### Instructions to follow
Repeat the data exactly as given below, dropping every picture.

### Available data
----------
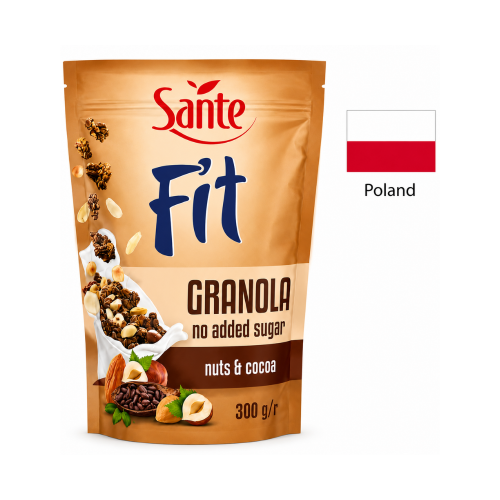 Musli Fit Granola nuci/ciocolata  300g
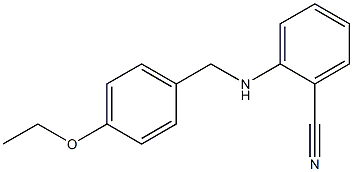 2-{[(4-ethoxyphenyl)methyl]amino}benzonitrile 结构式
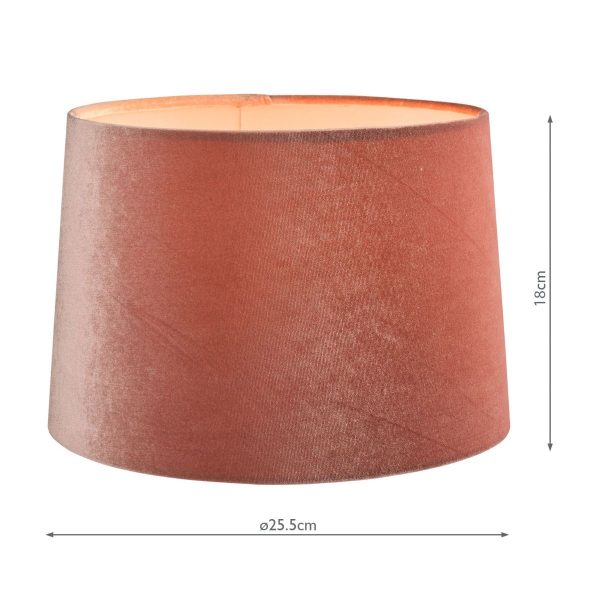 Laura Ashley Velvet Empire Drum Shade Blush Pink 25cm/10 inch - Image 4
----------
### Output for this task
 Musli Fit Granola nuci/ciocolata  300g
 2-{[(4-ethoxyphenyl)methyl]amino}benzonitrile 结构式
 Laura Ashley Velvet Empire Drum Shade Blush Pink 25cm/10 inch - Image 4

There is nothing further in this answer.